Representative Democracy is becoming more of a campaign slogan than an actual principle of our society.
 
No, I seriously do not think that the fiscal management issues are substantially different. That's the part we are talking about here. But what you are saying is that lying and flagrantly disregarding generally accepted accounting principles is okay if one is "running a country".

So you'd be jailed in private business for what you can get away with in political office.

Well, we already know that. So what do you have new to contribute?

:confused:

You're quoting me, but clearly responding to some other - possibly imaginary - post.

In the future, try and stick to addressing things people actually say. That way your posts will seem less shrill and nonsensical.
 
When polls show that the great majority of Libertarians and even a majority of Republicans support a compromise solution to the debt-crisis, which includes spending-cuts and increased revenue from the wealthy, and yet the political party that controls the House of Representatives utterly ignores these sentiments, I fear the people are losing control of their government.

Representative Democracy is becoming more of a campaign slogan than an actual principle of our society.

We have the power to correct that in 15 months.
 
That annoyed the heck out of me when rep.
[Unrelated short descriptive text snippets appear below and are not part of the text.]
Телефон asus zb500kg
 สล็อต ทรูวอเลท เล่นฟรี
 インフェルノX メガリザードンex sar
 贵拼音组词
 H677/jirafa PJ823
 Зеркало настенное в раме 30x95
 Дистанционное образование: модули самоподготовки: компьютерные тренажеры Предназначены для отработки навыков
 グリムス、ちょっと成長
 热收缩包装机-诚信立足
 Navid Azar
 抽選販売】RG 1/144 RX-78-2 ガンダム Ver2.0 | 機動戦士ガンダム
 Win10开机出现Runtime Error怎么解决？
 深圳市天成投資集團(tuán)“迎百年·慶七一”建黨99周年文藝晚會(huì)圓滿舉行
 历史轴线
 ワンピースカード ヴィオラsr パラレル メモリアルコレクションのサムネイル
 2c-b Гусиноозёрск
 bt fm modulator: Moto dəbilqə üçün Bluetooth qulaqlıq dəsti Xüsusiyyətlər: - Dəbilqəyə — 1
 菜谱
Bohner started his response by comparing government to business.

I am a (successful) business owner and I can assure you I do not want government run like a business. That would imply it was run for profit in all sectors. I do not want a for profit military.
Brilliant! Reframing the argument so as to respond to make the argument look silly.

Your first error was to not see that there are both for-profit and not-for-profit businesses.

Wait...why should I point out your errors? They were not errors, they were essential to enable reframing the argument. That would work if people overlooked your mistaken premises.

:)
 
But what you are saying is that lying and flagrantly disregarding generally accepted accounting principles is okay if one is "running a country".

So you'd be jailed in private business for what you can get away with in political office.

Well, we already know that. So what do you have new to contribute?


:confused:

You're quoting me, but clearly responding to some other - possibly imaginary - post.

In the future, try and stick to addressing things people actually say. That way your posts will seem less shrill and nonsensical.
I'm quoting you and illustrating the rather clear implications of your viewpoint.

In the future try not to be so obtuse and nonsensical.